Hillenbrand, Martin J(oseph) 1915-2005
Hillenbrand, Martin J(oseph) 1915-2005
OBITUARY NOTICE—See index for CA sketch: Born August 1, 1915, in Youngstown, OH; died February 2, 2005, in Athens, GA. Government official, diplomat, and author. Hillenbrand was an expert on international affairs who held important offices in the U.S. Department of State's foreign service department during the cold war years in Europe. With a B.A. earned in 1937 from the University of Dayton, he did his graduate work at Columbia University, where he received an M.A. in 1938. Hillenbrand then joined the foreign service in 1939, working in Switzerland, Burma, India, and Mozambique during World War II. After the war, he completed his Ph.D. at Columbia in 1948, while also serving as consul in Bremen, Germany, during the late 1940s. The next two decades were largely spent—with the exception of four years in Paris—focusing on Germany, which was then divided between East and West and was a focal point of cold war tensions between the United States and the former Soviet Union. Serving as director of the Office of German Affairs from 1958 until 1962, Hillenbrand was head of the Berlin Task Force during the Berlin Wall crisis. From 1963 until 1967, he was deputy chief of mission in Bonn, West Germany, as well as chair of the Fulbright Commission in Germany. Hillenbrand continued his distinguished career in government as U.S. ambassador to Hungary from 1967 until 1969, when he was named assistant secretary of state for European affairs.
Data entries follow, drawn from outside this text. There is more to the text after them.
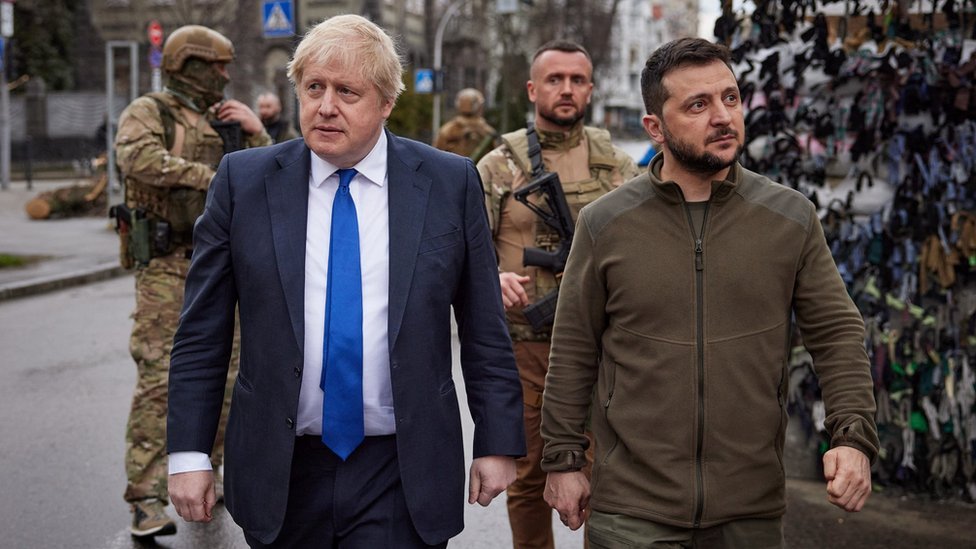  Londra va sprijini Ucraina oricare ar fi viitorul prim-ministru britanic, îl asigură Johnson pe Zelenski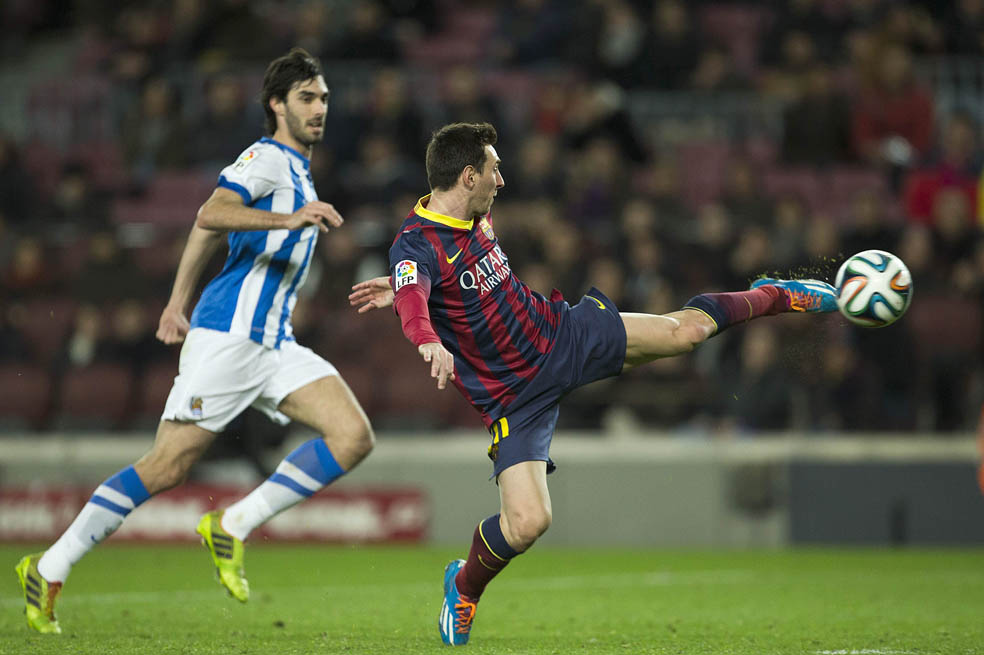 Lionel Messi está catalogado como el jugador más costoso del mundo. / EFE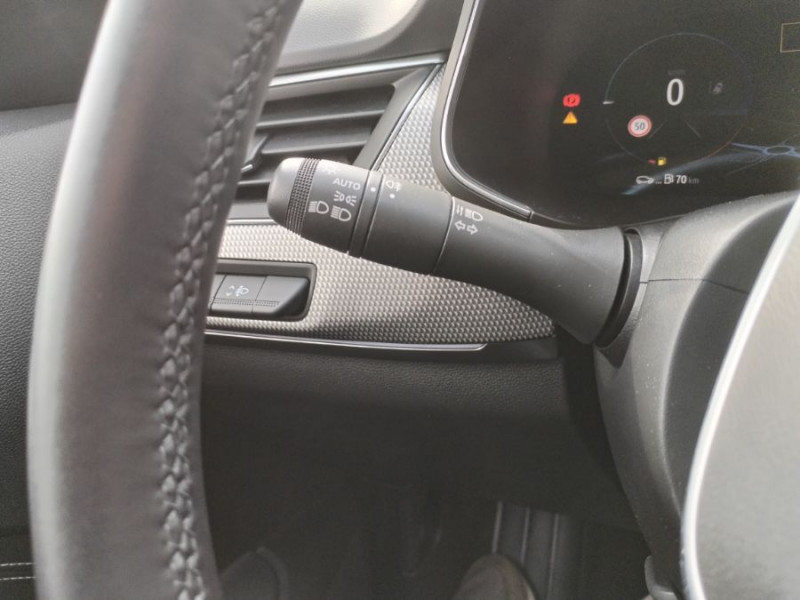 Photo 23 de l'offre de RENAULT ARKANA 1.6 E-TECH 145 BVA HYBRIDE TECHNO GPS 9.3" Camera JA18 à 25950€ chez Mérignac auto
For his final years of foreign service, from 1972 until 1977, he served in the vital role of ambassador to West Germany. Retiring from the Department of State, Hillenbrand joined the Atlantic Institute for International Affairs in Paris as that organization's director-general until 1982. He spent his later years in academia, passing on his knowledge of international affairs to his students. As Dean Rusk Professor of International Relations at the University of Georgia, he also directed the institution's Center for Global Policy Studies and codirected the Center for East-West Trade Policy. Finally, in 1997, Hillenbrand retired and wrote about his experiences in Fragments of Our Time: Memoirs of a Diplomat (1998). He was also the author of the earlier book Power and Morals (1949) and editor of The Future of Berlin (1980), among other publications.
OBITUARIES AND OTHER SOURCES:
PERIODICALS
New York Times, February 18, 2005, p. A21.